Court papers stated LaRose allegedly was recruiting women online who had passports and could travel in Europe and elsewhere to support violent jihad.

At the hearing February 1, the government is expected to lay out what it would have been prepared to prove had the case gone to trial.

The alleged terrorist conspiracy began in June 2008, when LaRose posted a comment on You Tube under the username "JihadJane", saying she was "desperate to do something somehow to help" Muslims, according to a federal indictment.

Jamie Ramirez, a Colorado woman, was later added to LaRose's case. She is charged with one count of conspiracy to provide material support to terrorists and faces a maximum of 15 years in jail.
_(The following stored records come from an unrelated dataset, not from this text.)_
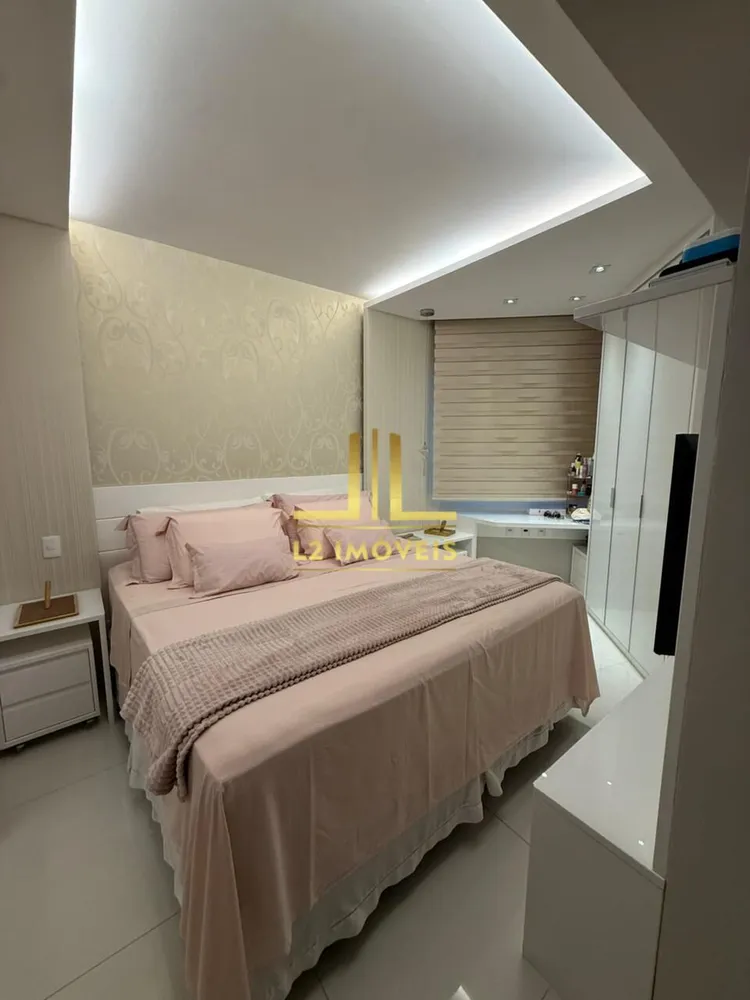 Apartamento, 2 quartos, 104 m² - Foto 5
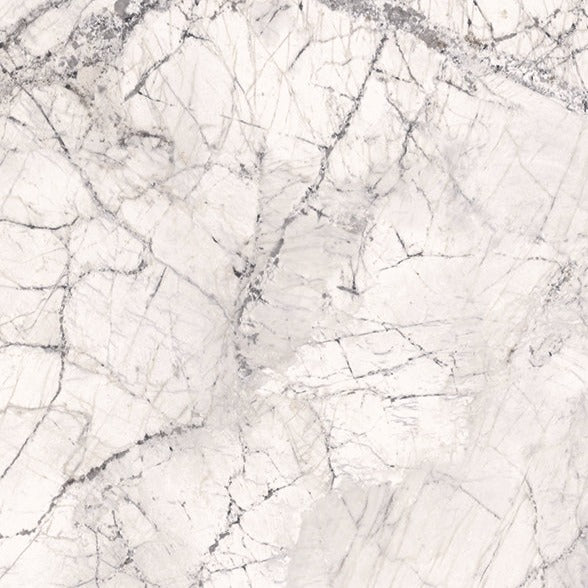 Elevated Slabs 12mm - Architessa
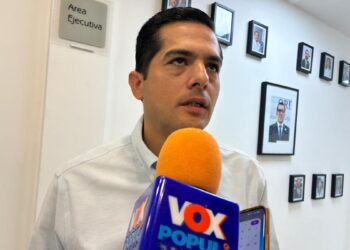 abogado gratis CANACO Victoria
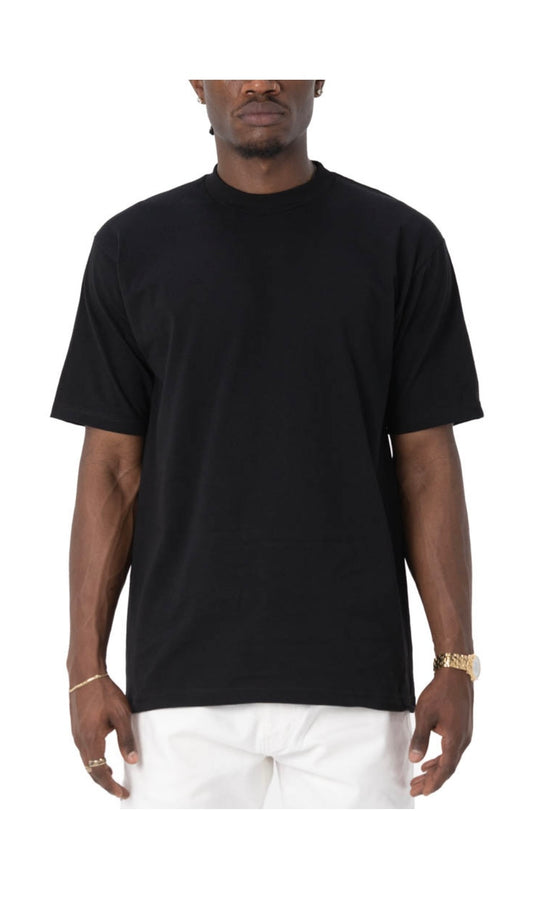 Pro Club Heavyweight Short Sleeve Tee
She was arrested in Ireland after LaRose.

According to a superseding indictment, LaRose sent an electronic communication to Ramirez in Augus 2009 in which she allegedly stated "soon i (sic) will be moving to europe (sic) to be with other brothers & sisters ....when i (sic) get to europe (sic), i (sic) will send for you to come be with me there. [T]his place will be like a training camp as well as a home.''

"i (sic) would love to go over there, " Ramirez allegedly responded, according to the indictment.

Ramirez' trial is set for May 2.

"I have no news about her case," Ramirez' defense attorney Jeremy Ibrahim told CNN.

Rep. Charlie Dent , R-Pennsylvania, whose district office is a few blocks from LaRose's former home, said he's not surprised at her expected guilty plea.

"She's probably not the cream of the terrorist crop....[but] one doesn't have to be very bright to carry out an attack. That's why we take every one of these folks very seriously."